Shemtob had earlier told The New York Law Journal that doctors and other health care workers at New York University Langone Hospital “are really attending to him. They’re taking it hour by hour, day by day.”

“I just want people to know how serious this can be,” Shemtob told the journal.

“This affects young, healthy people. stop congregating. stop being foolish,” he added Monday.

From his hospital bed last week, Lat posted about the onset of his illness and how difficult it was for him to get a test for the virus initially.

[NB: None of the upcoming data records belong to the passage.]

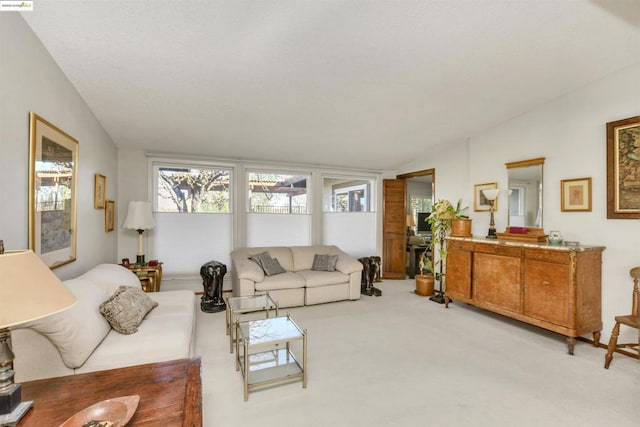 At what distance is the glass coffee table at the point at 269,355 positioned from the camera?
217 cm

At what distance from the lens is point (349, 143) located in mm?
4629

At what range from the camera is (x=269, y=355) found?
2.66m

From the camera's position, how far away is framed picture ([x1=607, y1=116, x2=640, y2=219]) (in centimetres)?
280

Lat tweeted that he was generally a healthy person and had run the New York Marathon twice, although he suffers from exercise-induced asthma that he manages with the help of an inhaler.

The onset of the virus hit Lat with a fever and body aches. He thought he had gotten over it, but developed a painful cough days later, he tweeted.

He said he called his internist on March 13 and was told by a physician’s assistant that he may have come down with a flu that had turned into bronchitis. He was prescribed Z-Pak antibiotics and cough syrup to treat it, according to a tweet. But that didn’t work.

“I got worse over the weekend, my coughing having progressed to the point where it was making it hard for me to breathe.”

The first time he went to NYU Langone, Lat tweeted, they sent him home after he came back negative for a bacterial and flu panel that did not include coronavirus testing. Although he requested a test, he was denied based on the protocols established by health care officials for who should be tested and limited availability of the test, he said in a series of tweets.

Those established protocols require a bacterial and flu panel, and other conditions, including whether a person had traveled to any of the affected areas or come into contact with anyone who had tested positive.

On his second visit to the hospital, he was given oxygen, put in isolation and tested for the virus, he tweeted.

In response to questions about Lat’s case, hospital spokesperson Deborah Haffeman said in a statement to CNN, “What we can tell you is that we have confirmed cases at all three of our hospital sites (Manhattan, Brooklyn and Long Island). But we are not publicly reporting out the number of cases. We do provide these figures to all State and City regulatory agencies.”

With regard to testing for coronavirus, the hospital, “is following guidelines specified by the CDC and also the State and City DOH. That is all we can offer at this time,” Haffeman added.

In another tweet, Lat said he knows that people can have different reaction to the coronavirus.

“But for those who get severe cases, like me, it’s been hell. I’ve had 10 days & counting, with no real improvement, of fever, fatigue, joint aches, chills, cough, respiratory difficulty,” Lat said. “I have never been this sick in my entire life.”